The Outside Merced Irrigation District Place of Use Special Benefit Assessment Zone
A while back I mentioned the idea of a special benefit assessment zone where those who require the Ranchito well, for co-mixing of Merced River water for their OMIDPOU properties, could form their own organization of service. The additional costs associated
with the Ranchito Well for supplying water to outside permitted areas (called “ground water substitution for surface water transfer”) would be borne by those receiving that special benefit. This is the same principal as the sewer system around the golf course where only those properties connected to the sewer system pay for that service, not the majority of owners who have private onsite septic systems.
Every OMIDPOU SBAZ connected property would share in and fund the additional costs required for maintenance, repair, future replacement, power, testing and monitoring of the well. The OMIDPOU SBAZ membership could decide whether additional connections
would be in the group’s best interest. The LDPCSD would continue to co-mingle
Merced Water, perform treatment, testing, storage, distribution and billing for
the finished product.
The costs would not be significant if the Ranchito Well continues to serve those already connected and that water consumption does not increase drastically (subdivisions and other high water usage businesses). If, however, further expansion of the OMIDPOU
service area gets expensive with ground well drilling, pumps, boosters, and other
equipment, those costs should be absorbed by those who receive the benefit.
HOW DID THIS MESS DEVELOP?
Will you annex?
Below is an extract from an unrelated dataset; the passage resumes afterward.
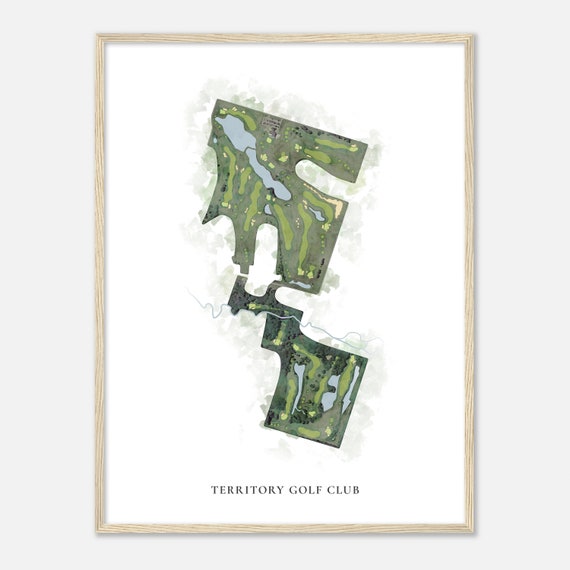 Territory Golf Club Minnesota Classic Watercolor Map Golfer Gift Golf Wall Art Golf Poster Print Course Layout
Sure you bet. Will you pay a buy-in fee to make up for all the fees veryone else in the district has paid since before and during the district’s inception? No
problem. Better yet…. How about I don’t pay anything until I actually need the water?
Great, it’s a deal. I’ll pay $180 a year to insure that I can get water someday even though my property is outside the MIDPOU and I have no idea when or what I might construct in the future. You’ve got a deal!
Heck, that’s only a step up from those properties that are within our district boundary yet do not contribute one thin dime to support district operations. Gee, they can even be the deciding votes on who represents the entire customer base (realizing of course most of our customers are absentees and usually cannot participate in CSD elections anyway).
Again, it took quite a while for this problem to develop but it obviously needs to be addressed.